1) Don't get the Student Overdraft.
Just say NO. If there is only one thing you take away from this whole list let it be this: you do not need a student overdraft. Student overdrafts are very very tempting. It's a huge sum of money that you can spend for free, for up to four years. It's very easy to forget you've got no money when your bank account is saying "Bank Balance: £5, Available Balance: £1,505".
Let me tell you, once you're in it, you're in it. First year will roll into second year and you will still be in your overdraft; second year will roll into final year and you will still be in that overdraft. You then graduate, shit gets real and you will still be in your overdraft. Interest rates will then hike up or you will get the bank putting you on a payment plan, squeezing even more out of your graduate salary. You do not need an overdraft, the Boohoo "back to school" sale can wait and Thursday club will be popping for many Thursdays to come. Just say NO folks.
2) Save your student loan.
On that same note, save your student loan. I'm not saying save all of it but save as much of it as you can. Adult life is tough and, trust me, you'll never have enough money. So give yourself a head start and put some of that student loan away. When I look back on my four years at Uni, my student loan worked out to be about £500 per month. If I had saved just £50 for every month that I was in Uni, I would have had £1800 saved up by Graduation.
When you break that down that's:
2 months worth of Rent & Bills (Not in London ha!, but elsewhere in the country)
18 months worth of Groceries
2 Weeks All Inclusive To Cape Verde or 2 weeks backpacking around Colombia.
If you push that up to £100 a month that's about £4000 from a four year course.
Granted saving a student loan isn’t exactly exciting and may not always be possible as accommodation, textbooks (although you shouldn’t buy them unless you really have to), groceries etc are expensive. But if you can get a part time job or are fortunate enough to have help from parents, definitely try to save some of that loan.
3) Hit the Ground Running
Okay, not Day 1, enjoy Freshers, hell enjoy first Semester but don't fucking slack for 3 years. I don’t just mean face your books either. Of course, work hard and be prepared for your seminars ( I’ll leave lecture attendance at your discretion) but take every opportunity you can at uni. Whether it’s getting a student rep campus job for a company you might like to work for in the future or becoming involved in student union committees or even volunteering through your university, take advantage of the network building opportunities. You're paying £9K a year so get your moneys worth.

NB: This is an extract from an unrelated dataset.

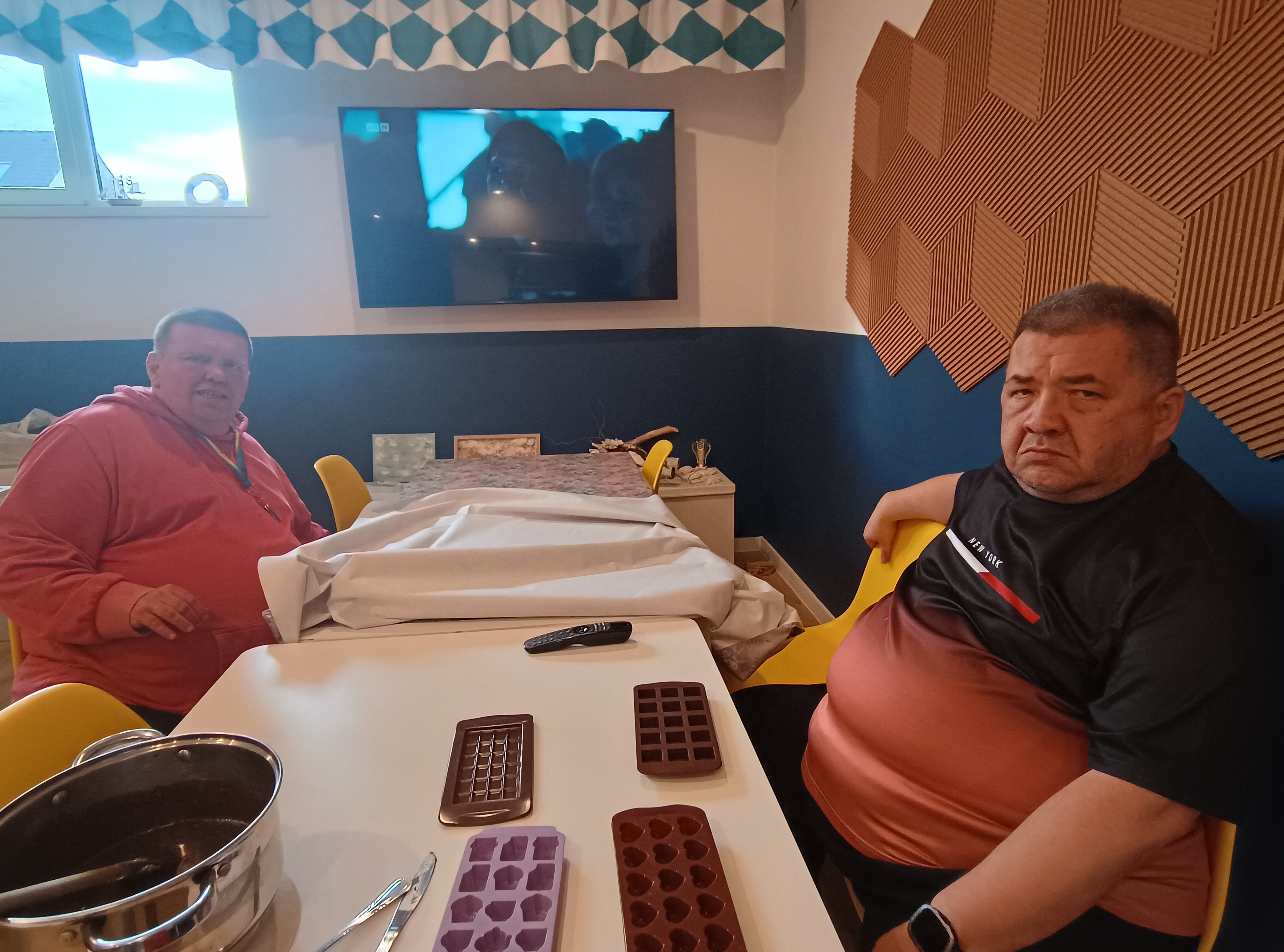 Panowie siedzą przy stole na którym są foremki do ciastek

Although major bonus points if you can party all through Uni and still get your work done - that, my friend, makes you the MVP.
4) Use the resources available when things get too tough.

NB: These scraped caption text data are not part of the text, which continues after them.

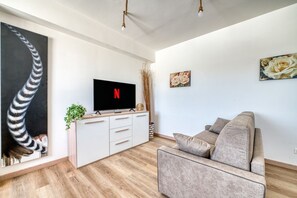 Uma sala de estar moderna com uma TV de tela plana, um sofá, uma planta e obras de arte nas paredes.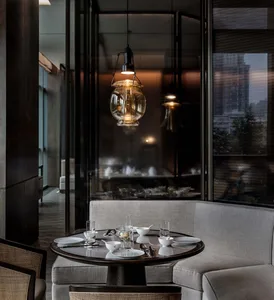 A modern restaurant interior with wooden seating, round table, and hanging pendant lights.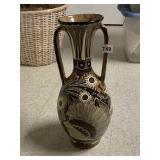 DOUBLE HANDLED POTTERY VASE WITH SIGNIFICANT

The last but by no means the least important tip on this list. University can be really hard at times. Whether you're struggling to adjust to your new surroundings, with your course or with the prospect of graduate life there will always be challenges. You don't have to struggle alone. There are so many resources on campus that are designed to help you through it all and best of all they are free. For example, at Newcastle we had a fabulous Student Services team who were readily available to assist you with everything from housing issues to mental health concerns and lecturers were always more than willing to answer any course related questions.
Make sure you familiarise yourself with the various services offered and find out your lecturers' office hours ASAP - you don't want to be scrambling to find help when you're already at breaking point! Utilise all the services and the help offered to you and don't ever feel embarrassed to reach out for the help you need.
I want to finish by pointing out that everyone's University experience is different. Regardless of where you go and what degree you study, make the most of your time at University. Push through the challenges (within reason of course) and take advantage of the unique opportunities offered to you as a University student.
This post is dedicated to my (not so) baby brother who is off to University this month. How time flies, eh?! Good Luck Jake, I'm so proud of you! I know you'll smash it and have a great time doing it!